Burton Watson Obituary in NYTimes Books Section

The New York Times books section has published an obituary of Burton Watson, over a month after he passed away. William Grimes writes:

Burton Watson, whose spare, limpid translations, with erudite introductions, opened up the world of classical Japanese and Chinese literature to generations of English-speaking readers, died on April 1 in Kamagaya, Japan. He was 91.

He rendered the poems of such classic Chinese writers as Su Tung-p’o, Po Chu-I and Du Fu and the Japanese poets Ryokan and Masaoka Shiki in a contemporary idiom informed by his wide reading in modern American poetry. In “Nineteen Ways of Looking at Wang Wei” (1987), the essayist Eliot Weinberger described Mr. Watson as not only “a prolific and particularly fine translator” but also “the first scholar whose work displays an affinity with the modernist revolution in American poetry: absolute precision, concision, and the use of everyday speech.” His admirers included the poets Gary Snyder and W. S. Merwin.
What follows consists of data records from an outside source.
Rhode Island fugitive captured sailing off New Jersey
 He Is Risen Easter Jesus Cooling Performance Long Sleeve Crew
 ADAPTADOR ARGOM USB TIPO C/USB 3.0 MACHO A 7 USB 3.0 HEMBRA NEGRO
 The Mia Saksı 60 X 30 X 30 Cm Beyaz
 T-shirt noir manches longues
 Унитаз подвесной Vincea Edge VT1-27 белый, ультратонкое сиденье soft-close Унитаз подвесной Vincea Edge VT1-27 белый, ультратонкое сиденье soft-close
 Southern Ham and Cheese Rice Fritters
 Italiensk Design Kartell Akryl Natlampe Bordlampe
In 2015, the literary organization PEN awarded Mr. Watson its Ralph Manheim Medal for Translation, calling him “the inventor of classical East Asian poetry for our time.”

Click on the image for the article in full.

John Bradley on Burton Watson (1925 – 2017)

In honor of Burton Watson’s passing, I am collecting statements and memories from friends and fans, to be posted as they come in. The following remembrance is by John Bradley, from his review of Salutations; a Festschrift for Burton Watson (Ahadada / Ekleksographia, 2015), originally published in Rain Taxi #81 (21.1, Spring 2016):

Empty hills, no one in sight,
only the sound of someone talking;
late sunlight enters the deep wood,
shining over the green moss again.

This famous poem by Chinese poet Wang Wei displays the craft not only of the author but also—we all too often forget—of the translator. Burton Watson translated this poem with such craft that some may say “That’s it?” as indeed a student of Lucas Klein’s did, as he relates in his essay “Translation and Translucence in the Work of Burton Watson,” one of the offerings in this festschrift.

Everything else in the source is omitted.